DATA PROVIDED Block Start
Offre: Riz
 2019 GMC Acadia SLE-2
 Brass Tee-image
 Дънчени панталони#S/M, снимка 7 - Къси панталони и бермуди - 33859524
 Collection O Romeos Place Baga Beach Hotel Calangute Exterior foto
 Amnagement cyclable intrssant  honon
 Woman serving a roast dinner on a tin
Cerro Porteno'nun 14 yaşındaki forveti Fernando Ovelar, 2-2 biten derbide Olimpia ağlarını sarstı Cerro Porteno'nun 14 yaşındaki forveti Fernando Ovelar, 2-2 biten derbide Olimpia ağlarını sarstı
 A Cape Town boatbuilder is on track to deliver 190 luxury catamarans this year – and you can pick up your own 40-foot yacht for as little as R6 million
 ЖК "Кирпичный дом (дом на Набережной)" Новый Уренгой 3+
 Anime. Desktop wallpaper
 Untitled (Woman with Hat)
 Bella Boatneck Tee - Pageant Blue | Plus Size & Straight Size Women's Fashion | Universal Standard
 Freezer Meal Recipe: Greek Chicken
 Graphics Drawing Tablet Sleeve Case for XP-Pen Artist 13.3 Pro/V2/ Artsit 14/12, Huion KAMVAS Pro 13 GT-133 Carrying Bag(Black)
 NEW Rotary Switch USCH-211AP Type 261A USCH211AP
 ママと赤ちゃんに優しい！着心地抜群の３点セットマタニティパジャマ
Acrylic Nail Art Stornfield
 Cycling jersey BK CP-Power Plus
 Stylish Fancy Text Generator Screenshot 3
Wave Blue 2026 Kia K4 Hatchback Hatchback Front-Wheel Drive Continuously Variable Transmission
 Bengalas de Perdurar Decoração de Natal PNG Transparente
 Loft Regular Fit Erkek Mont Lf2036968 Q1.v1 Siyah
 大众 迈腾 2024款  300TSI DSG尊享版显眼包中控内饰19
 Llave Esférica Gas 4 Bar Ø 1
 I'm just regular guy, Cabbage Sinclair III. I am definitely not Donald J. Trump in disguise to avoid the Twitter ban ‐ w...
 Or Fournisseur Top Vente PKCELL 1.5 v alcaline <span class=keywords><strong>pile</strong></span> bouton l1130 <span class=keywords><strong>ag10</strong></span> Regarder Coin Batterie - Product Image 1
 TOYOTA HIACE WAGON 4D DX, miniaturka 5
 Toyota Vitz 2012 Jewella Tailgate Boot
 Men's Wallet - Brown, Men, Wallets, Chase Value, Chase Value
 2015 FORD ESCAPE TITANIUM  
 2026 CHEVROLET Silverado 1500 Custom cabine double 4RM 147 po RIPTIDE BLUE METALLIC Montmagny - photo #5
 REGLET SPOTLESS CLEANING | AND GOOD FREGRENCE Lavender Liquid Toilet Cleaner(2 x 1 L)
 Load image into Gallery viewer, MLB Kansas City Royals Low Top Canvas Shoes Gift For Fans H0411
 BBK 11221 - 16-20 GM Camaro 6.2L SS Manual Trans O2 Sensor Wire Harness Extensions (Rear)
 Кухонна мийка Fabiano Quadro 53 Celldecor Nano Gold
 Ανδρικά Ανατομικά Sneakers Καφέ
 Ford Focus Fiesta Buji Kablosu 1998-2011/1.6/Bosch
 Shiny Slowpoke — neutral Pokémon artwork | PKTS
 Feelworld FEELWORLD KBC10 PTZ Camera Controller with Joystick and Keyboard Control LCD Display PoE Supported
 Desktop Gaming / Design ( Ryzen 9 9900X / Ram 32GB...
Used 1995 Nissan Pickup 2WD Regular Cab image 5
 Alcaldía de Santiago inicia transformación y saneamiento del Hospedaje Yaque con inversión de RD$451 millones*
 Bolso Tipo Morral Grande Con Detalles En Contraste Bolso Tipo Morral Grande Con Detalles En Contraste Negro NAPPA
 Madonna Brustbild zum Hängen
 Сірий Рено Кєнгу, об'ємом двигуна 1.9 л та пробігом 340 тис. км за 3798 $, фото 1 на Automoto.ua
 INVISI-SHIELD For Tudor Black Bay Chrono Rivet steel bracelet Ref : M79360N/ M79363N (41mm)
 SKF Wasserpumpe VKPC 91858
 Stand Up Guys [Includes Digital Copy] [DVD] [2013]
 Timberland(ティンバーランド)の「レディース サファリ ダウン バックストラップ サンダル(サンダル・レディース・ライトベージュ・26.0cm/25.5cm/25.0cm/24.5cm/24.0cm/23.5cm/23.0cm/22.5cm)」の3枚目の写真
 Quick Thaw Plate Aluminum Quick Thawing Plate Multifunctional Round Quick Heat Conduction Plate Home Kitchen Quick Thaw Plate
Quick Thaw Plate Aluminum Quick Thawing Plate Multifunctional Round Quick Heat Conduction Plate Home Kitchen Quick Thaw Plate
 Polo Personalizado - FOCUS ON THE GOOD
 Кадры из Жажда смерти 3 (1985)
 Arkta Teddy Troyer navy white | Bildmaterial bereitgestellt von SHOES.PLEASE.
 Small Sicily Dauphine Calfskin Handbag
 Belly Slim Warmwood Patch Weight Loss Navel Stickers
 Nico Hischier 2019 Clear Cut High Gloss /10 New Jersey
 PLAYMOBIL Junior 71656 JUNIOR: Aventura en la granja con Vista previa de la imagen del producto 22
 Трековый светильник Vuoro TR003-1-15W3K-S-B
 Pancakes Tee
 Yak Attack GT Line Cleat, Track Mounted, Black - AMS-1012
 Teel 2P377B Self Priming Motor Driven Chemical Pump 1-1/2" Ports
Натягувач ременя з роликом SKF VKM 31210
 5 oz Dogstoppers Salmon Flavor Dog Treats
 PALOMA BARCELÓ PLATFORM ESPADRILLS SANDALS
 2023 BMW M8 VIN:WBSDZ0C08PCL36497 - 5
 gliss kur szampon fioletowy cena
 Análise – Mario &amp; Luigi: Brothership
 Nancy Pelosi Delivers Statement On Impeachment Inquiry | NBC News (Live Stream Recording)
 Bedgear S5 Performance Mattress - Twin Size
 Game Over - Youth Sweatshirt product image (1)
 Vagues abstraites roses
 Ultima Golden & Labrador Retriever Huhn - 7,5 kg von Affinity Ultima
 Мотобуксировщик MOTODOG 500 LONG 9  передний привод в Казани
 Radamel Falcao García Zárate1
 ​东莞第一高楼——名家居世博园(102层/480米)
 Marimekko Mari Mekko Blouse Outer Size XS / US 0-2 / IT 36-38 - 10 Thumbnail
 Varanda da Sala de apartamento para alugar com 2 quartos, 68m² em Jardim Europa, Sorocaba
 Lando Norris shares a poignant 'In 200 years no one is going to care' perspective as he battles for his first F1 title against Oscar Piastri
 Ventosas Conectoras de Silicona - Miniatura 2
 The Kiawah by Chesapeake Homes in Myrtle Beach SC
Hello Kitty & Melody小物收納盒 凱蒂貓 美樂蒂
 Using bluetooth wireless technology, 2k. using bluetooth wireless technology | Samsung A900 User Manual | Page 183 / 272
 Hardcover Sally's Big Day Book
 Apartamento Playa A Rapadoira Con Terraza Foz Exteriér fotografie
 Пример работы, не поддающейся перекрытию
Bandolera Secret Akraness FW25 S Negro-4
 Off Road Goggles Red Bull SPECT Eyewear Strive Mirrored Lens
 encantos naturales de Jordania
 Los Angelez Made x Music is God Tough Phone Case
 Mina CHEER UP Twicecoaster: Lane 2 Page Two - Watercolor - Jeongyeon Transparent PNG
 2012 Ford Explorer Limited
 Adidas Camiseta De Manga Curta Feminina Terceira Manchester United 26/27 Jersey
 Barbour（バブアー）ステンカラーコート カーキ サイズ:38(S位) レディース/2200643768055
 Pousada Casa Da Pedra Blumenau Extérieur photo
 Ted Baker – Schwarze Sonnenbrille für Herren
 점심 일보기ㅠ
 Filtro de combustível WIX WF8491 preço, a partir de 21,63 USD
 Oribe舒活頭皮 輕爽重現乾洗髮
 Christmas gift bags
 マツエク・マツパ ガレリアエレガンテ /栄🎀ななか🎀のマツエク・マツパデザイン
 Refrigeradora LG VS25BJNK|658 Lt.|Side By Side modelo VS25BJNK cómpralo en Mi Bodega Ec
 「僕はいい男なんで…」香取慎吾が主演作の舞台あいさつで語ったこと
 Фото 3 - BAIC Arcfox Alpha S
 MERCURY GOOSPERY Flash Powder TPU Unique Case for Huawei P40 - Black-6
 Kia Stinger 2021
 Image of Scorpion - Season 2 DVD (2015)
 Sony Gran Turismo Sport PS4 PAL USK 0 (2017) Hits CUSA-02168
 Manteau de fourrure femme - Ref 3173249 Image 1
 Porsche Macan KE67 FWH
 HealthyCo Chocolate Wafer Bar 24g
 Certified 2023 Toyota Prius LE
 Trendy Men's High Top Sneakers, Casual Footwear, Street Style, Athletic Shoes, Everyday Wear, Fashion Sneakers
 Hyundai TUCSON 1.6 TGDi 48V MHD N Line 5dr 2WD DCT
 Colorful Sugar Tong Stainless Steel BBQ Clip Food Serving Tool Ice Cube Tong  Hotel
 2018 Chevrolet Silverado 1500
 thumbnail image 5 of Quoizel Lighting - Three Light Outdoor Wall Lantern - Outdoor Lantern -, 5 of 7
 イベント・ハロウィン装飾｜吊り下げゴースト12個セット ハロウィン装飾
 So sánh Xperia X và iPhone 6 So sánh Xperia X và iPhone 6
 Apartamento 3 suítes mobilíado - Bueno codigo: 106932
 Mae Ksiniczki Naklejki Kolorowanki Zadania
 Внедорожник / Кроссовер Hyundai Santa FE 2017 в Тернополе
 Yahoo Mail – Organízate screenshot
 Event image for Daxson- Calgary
DATA PROVIDED Block End
Would you print, exactly as written, every line above from the one holding "Using bluetooth wireless technology, 2k." through the one holding "Pousada Casa Da", with both included and no other lines?

 Using bluetooth wireless technology, 2k. using bluetooth wireless technology | Samsung A900 User Manual | Page 183 / 272
 Hardcover Sally's Big Day Book
 Apartamento Playa A Rapadoira Con Terraza Foz Exteriér fotografie
 Пример работы, не поддающейся перекрытию
Bandolera Secret Akraness FW25 S Negro-4
 Off Road Goggles Red Bull SPECT Eyewear Strive Mirrored Lens
 encantos naturales de Jordania
 Los Angelez Made x Music is God Tough Phone Case
 Mina CHEER UP Twicecoaster: Lane 2 Page Two - Watercolor - Jeongyeon Transparent PNG
 2012 Ford Explorer Limited
 Adidas Camiseta De Manga Curta Feminina Terceira Manchester United 26/27 Jersey
 Barbour（バブアー）ステンカラーコート カーキ サイズ:38(S位) レディース/2200643768055
 Pousada Casa Da Pedra Blumenau Extérieur photo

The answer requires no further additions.